Modifications to the Polysix

A few modifications must be made to the Polysix in order for it to accept the retrofit. Apart from the obvious tasks of installing the MIDI connectors and mounting the retrofit boards, a number of tracks must be cut on the existing PCB's and a number of jumpers patched in. All in all, I'd suggest the following building order:

  • Build the CPU board, including the 40-pin ribbon cables.
  • Build the S/H board.
  • Drill holes and mount the MIDI DIN connectors on the rear panel. Don't wire the MIDI connectors just yet though.
  • Perform the modifications to the Polysix boards and wheel assembly described below.
  • Connect the S/H board 8-pin connector to the appropriate points on KLM-367.
  • Mount the S/H board and connect the wire for the BEND CV.
  • Mount the CPU board. This involves building small holders out of piano wire, removing the existing 8048 and 8049 CPU's, connecting the wire to the battery (Item #3 in the modification descriptions below) and plugging in the DIL headers to the 8048 and 8049 sockets. (The old 8048 and 8049 CPU's are no longer needed.)
  • Wire up the MIDI connectors and plug them into the CPU board.

    At this point, you'll be rather nervous that you've done something wrong, so to make sure that you won't fry anything at least, get out your multimeter and using an ohm range, verify that +5V on the CPU board is connected to +5V on the Polysix boards, with the same for GND. Do the same for the +15V,-15V,-5V and GND wires on the S/H board. Once you've assured yourself that the the power wiring is properly connected, you can turn the Polysix on.

    MIDI connectors

    The MIDI connectors should be mounted in the location shown in the picture below. Although there appears to be a lot of free space on the rear panel, in practice one has to make sure that the connectors don't get in the way of anything on the inside. The indicated location has been selected with this in mind. I mounted the DIN connectors at an angle to make my bad drilling skills less obvious (I would never be able to line all the screws up in a straight line), but that's all up to you.
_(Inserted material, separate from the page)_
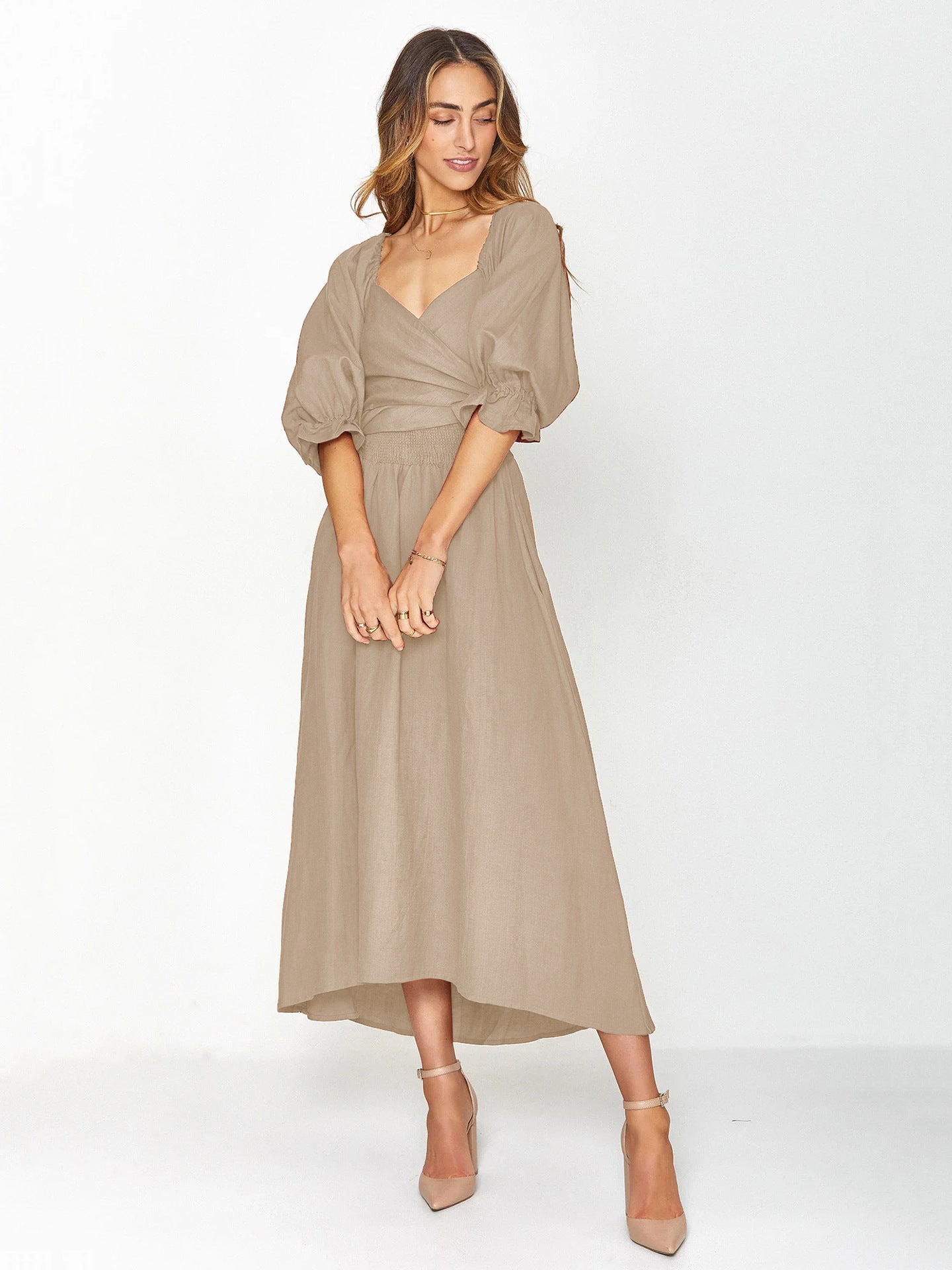 Elegantes Kleid von Elarova mit Bindegürtel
    Picture of MIDI DIN conectors

    The exact measurements are given in the figure below (measurements in mm).

    Measurements for DIN connector mounting

    When it comes to labelling the connectors, I used Letraset for the actual label work, then masked off the surrounding area and covered the labels with spray-on lacquer. It's not visible in the photo above, but the laqcuered area does look different from the rest of the synth and you might opt to do it differently for better looks. Martin Wise has produced artwork for labels for the connectors, together with labels for the PCB's and also for the new functions available, to stick on the front panel.

    Other modifications

    Here you will find text descriptions of the various modifications that must be made to the Polysix boards, including the wheel assembly. Not much remains to be said regarding the modifications, except to take your time and make sure you know what you're doing.

    If you're wondering what the mods actually do, here's a short description:

  • Items #1 to #3 disconnect the battery from internal RAM and support circuits and connect it to the MIDI retrofit CPU board RAM.
  • Items #4 and #5 disable reset of the voice Gate signals in Tape Enable mode. (This allows the synth to be played in this mode, which is used for setting up MIDI parameters).
  • Items #6 and #7 separates the Chord Memory Pedal from the front panel pushbutton (so that the pedal can be used independently as a sustain pedal if necessary).
  • Items #8 and #9 provide equal brighntess on all A to D leds even when several are illuminated at the same time. (This is used when setting up the MIDI parameters).
  • Items #10 and #11 disable the muting circuit in Tape Enable mode. (This allows the synth to be played in this mode, which is used for setting up MIDI parameters).
  • Items #12 to #14 separate the Unison function from the front panel Unison LED. (This allows the Unison LED to light up without the oscillators detuning. The Unison LED is used in Tape Enable mode to indicate certain MIDI parameters.)
  • Item #15 disconnects two pullup resistors that would otherwise double the resnets on the new CPU board.
  • Items #16 to #20 disconnect the BEND and MOD wheels from their respective CV inputs, and instead connect them to two unused channels of the front panel CV mux.
  • Items #21 to #24 enable the wheels to output CV's of the proper polarity and magnitude.